* **ACTIVITY**: Repeat, exactly as written, all of the entries, but not their pictures.

* **DATA IN THIS EXERCISE**:
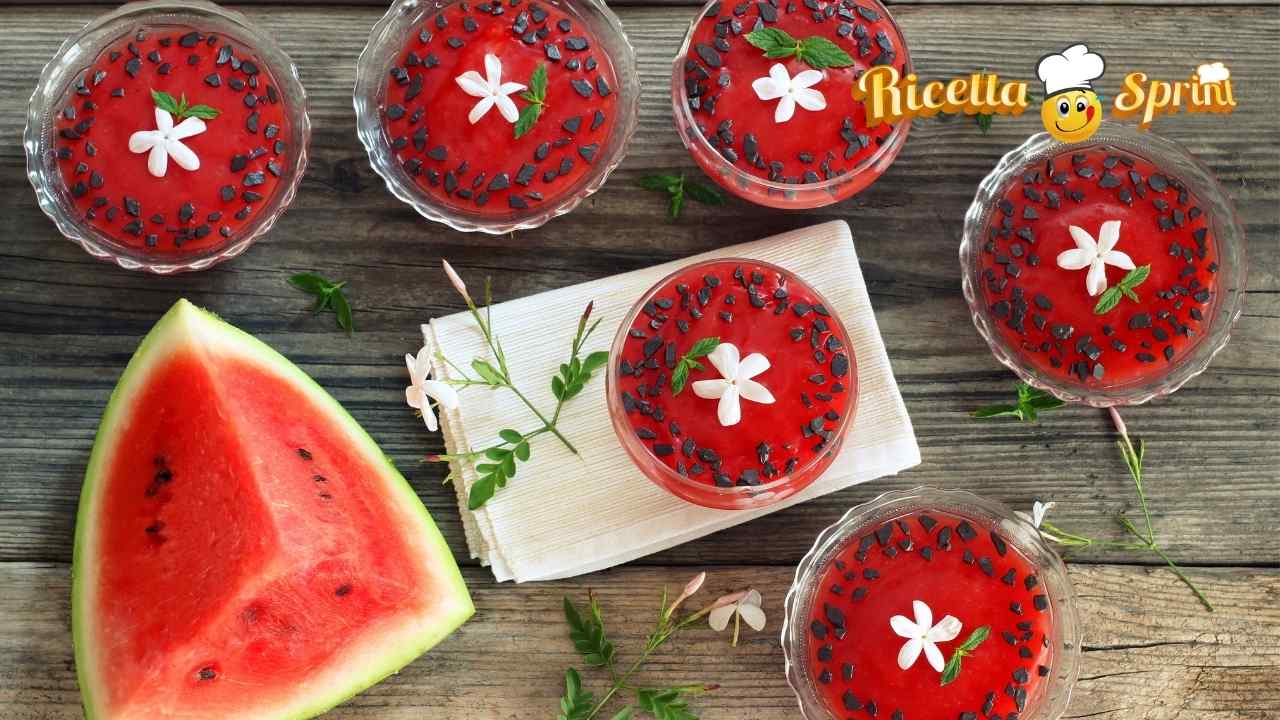 budino di melone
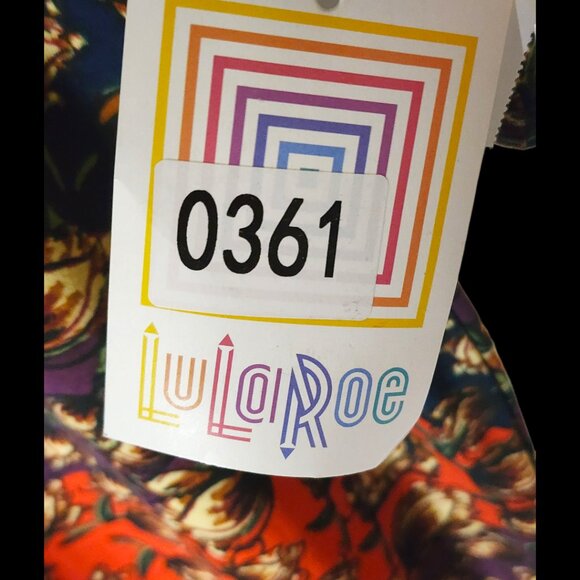 LuLaRoe Julia Dress Size L | Bold Floral Bodycon Midi | NWT Fall Vibes - Picture 9 of 11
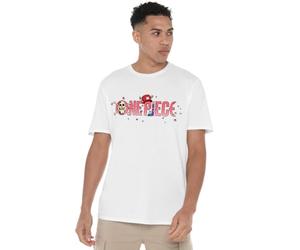One Piece Chopper Sakura Cherry Blossom Logo Unisex T-Shirt, White, Small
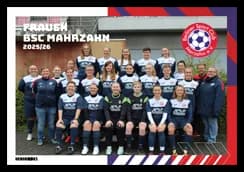 Teambuch der Frauen des BSC Mahrzahn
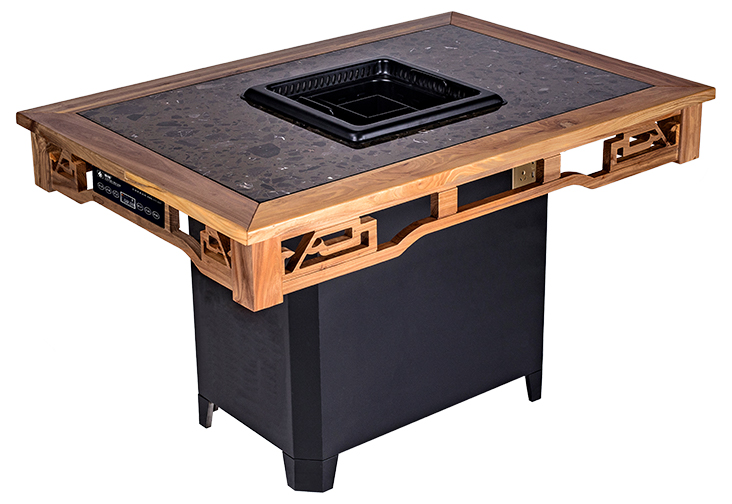 什么是無煙火鍋桌？它與傳統(tǒng)火鍋桌有什么區(qū)別？我們來一起學(xué)習(圖2)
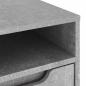 Preview: TV-Schrank VISNES Betongrau 60x40x38 cm Holzwerkstoff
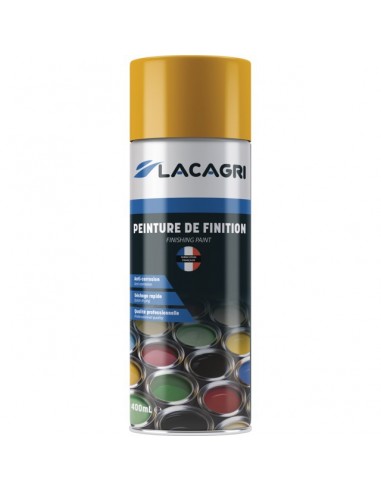 PEINTURE DE FINITION JAUNE VOLVO AEROSOL 400ML LACAGRI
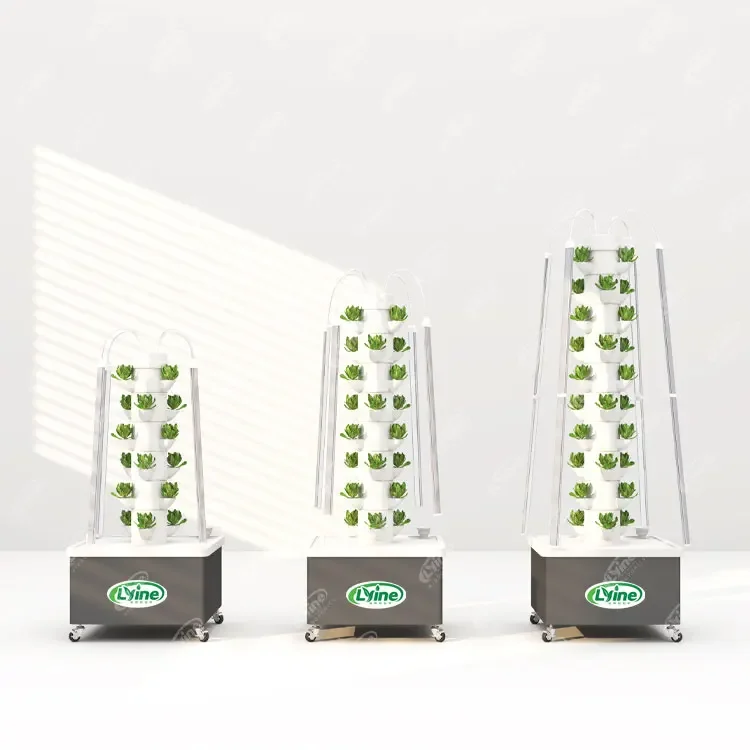 Customized 3 Per Level Diy Aeroponics Vertical Grow Tower Garden Hydroponic Tower Growing System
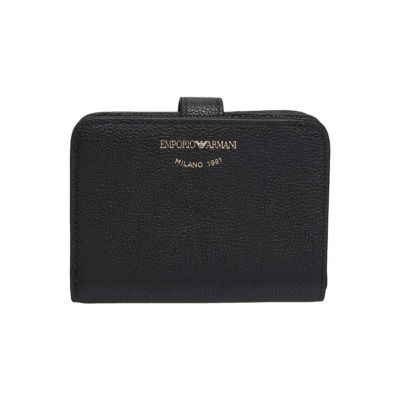 Πορτοφόλι του οίκου Εmporio Armani από δέρμα σε μαύρο χρώμα.
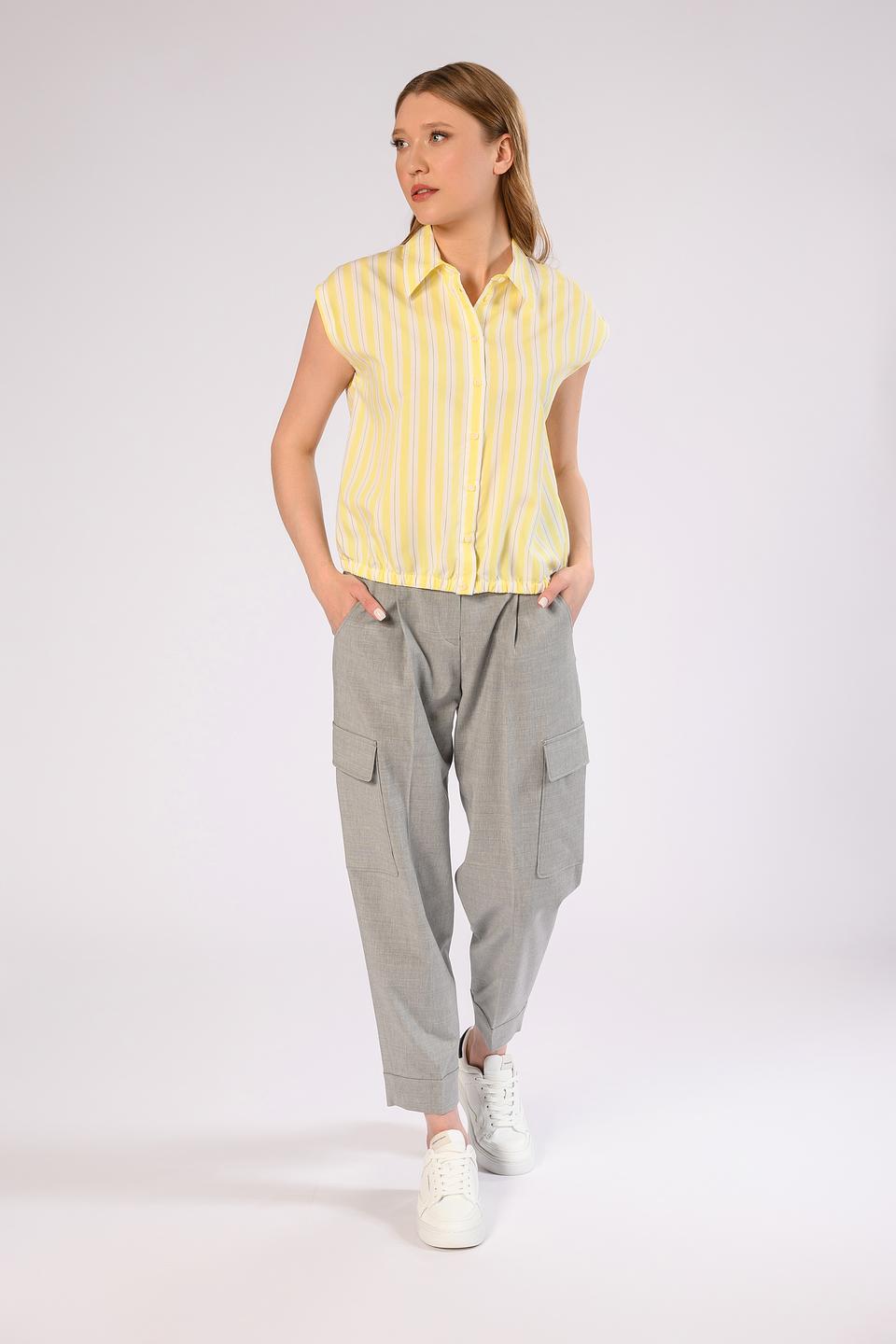 Рубашка Windsor жен. в полоску жёлтая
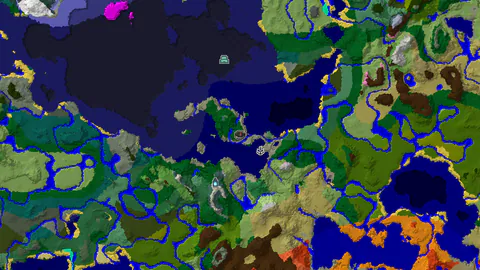 Forest Spawn With Shipwreck and Ancient City Near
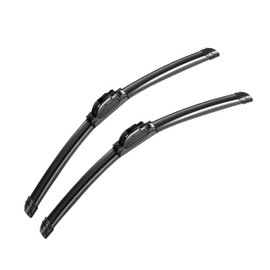Windshield Wipers 24”+22” Premium OEM Quality, Durable Stable and Quite, Universal J/U Hook All-season Auto Replacement Front Wiper Blades (Pack of 2)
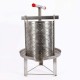 DYRABREST Bee Honey Press Extractor Stainless Steel Household Manual Honey Press Wax Press Beekeeping Tool Hand Crank Centrifuge Beekeeping Machine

* **THE COMPLETED TASK**:
 budino di melone
 LuLaRoe Julia Dress Size L | Bold Floral Bodycon Midi | NWT Fall Vibes - Picture 9 of 11
One Piece Chopper Sakura Cherry Blossom Logo Unisex T-Shirt, White, Small
 Teambuch der Frauen des BSC Mahrzahn
 什么是無煙火鍋桌？它與傳統(tǒng)火鍋桌有什么區(qū)別？我們來一起學(xué)習(圖2)
 Preview: TV-Schrank VISNES Betongrau 60x40x38 cm Holzwerkstoff
 PEINTURE DE FINITION JAUNE VOLVO AEROSOL 400ML LACAGRI
 Customized 3 Per Level Diy Aeroponics Vertical Grow Tower Garden Hydroponic Tower Growing System
 Πορτοφόλι του οίκου Εmporio Armani από δέρμα σε μαύρο χρώμα.
 Рубашка Windsor жен. в полоску жёлтая
 Forest Spawn With Shipwreck and Ancient City Near
Windshield Wipers 24”+22” Premium OEM Quality, Durable Stable and Quite, Universal J/U Hook All-season Auto Replacement Front Wiper Blades (Pack of 2)
 DYRABREST Bee Honey Press Extractor Stainless Steel Household Manual Honey Press Wax Press Beekeeping Tool Hand Crank Centrifuge Beekeeping Machine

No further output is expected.